Maglev is a L3/L4 software load balancer. A load balancer such as Nginx, and HAProxy distributes requests among multiple backend services.
Goals
It should allow seamless scalability so a set of load-balancers can be added/removed and the user does not notice any connection drop. A set of backend services can go on/off without affecting a large set of users.
Design
- Backend Service: A service has an assigned VIP.
- A VIP could be a subnet IP or any arbitrary IP.
- Maglev is configured with services and their VIP.
- Maglev announces all VIPs through BGP to the Internet.
- A client can connect to a VIP.
Detailed Design
- The router can choose any Maglev to forward the packet. The stateless nature of choosing Maglev help achieve the goal of adding/deleting Maglevs without affecting user connections. The router uses ECMP to pick a Maglev.

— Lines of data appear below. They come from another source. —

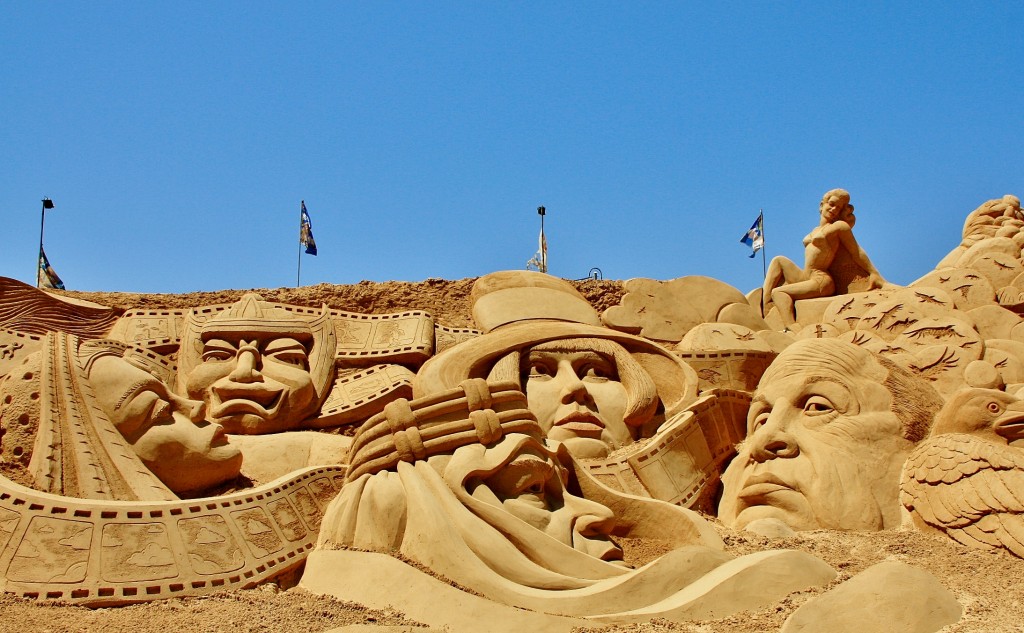 Foto: Figuras de arena - Pêra (Faro), Portugal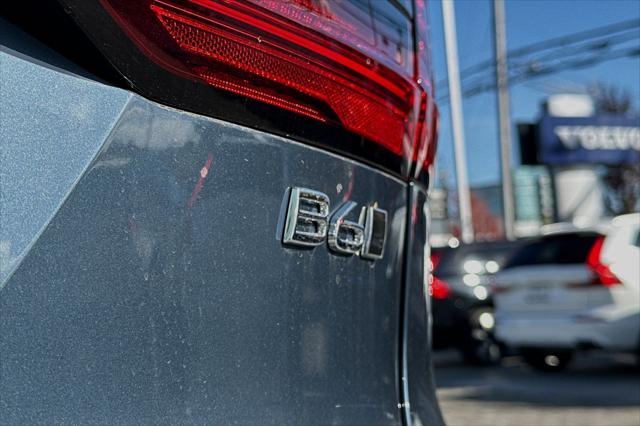 2025 Volvo V90 Cross Country Ultra, B6 AWD Gas (mild hybrid)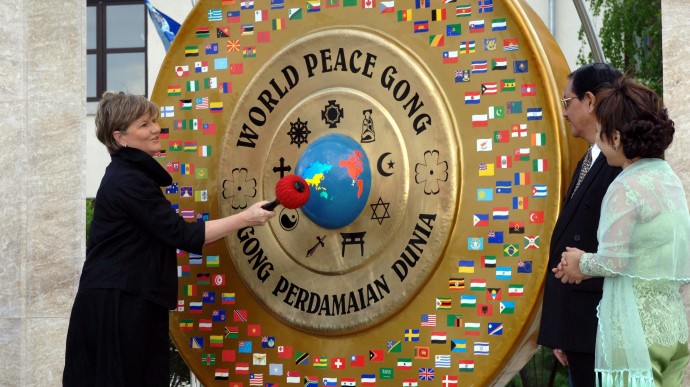 Inaugurating it, Speaker of Hungarian Parliament Katalin Szili, left, strikes the World Peace Gong in Goedoelloe, 30 kms northeast of Budapest, Hungary, Friday, May 2, 2008, in the presence of Indonesia's Ambassador to Hungary. (AP Photo, MTI/Attila Kovacs)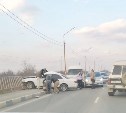 "Две скорые полетели туда": три автомобиля попали в ДТП на юге Сахалина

- The packet always goes to the same backend. A Maglev uses a consistent hash of the source IP, destination IP, source port, destination port, and protocol to pick a service backend instance. The consistent hash ensures that a backend service can crash and still most requests map to the same set of backends.
- Maglev needs a way to announce VIPs. A Maglev can go unhealthy and hence router should not send any requests to the Maglev. This is handled in a controller component.
- Maglev needs a way to forward request packets to a backend. The forwarder receives packets from the NIC card. It has to somehow send these packets to an appropriate backend. So the forwarder endcaps the packet using GRE which adds a new source and destination IP for the packet.
The source IP is Maglev’s IP and the destination IP is one of the backend services. The packet is then sent back to NIC and dispatched on the network. The packet eventually routes to the backend service which decaps the packet and processes the request packet.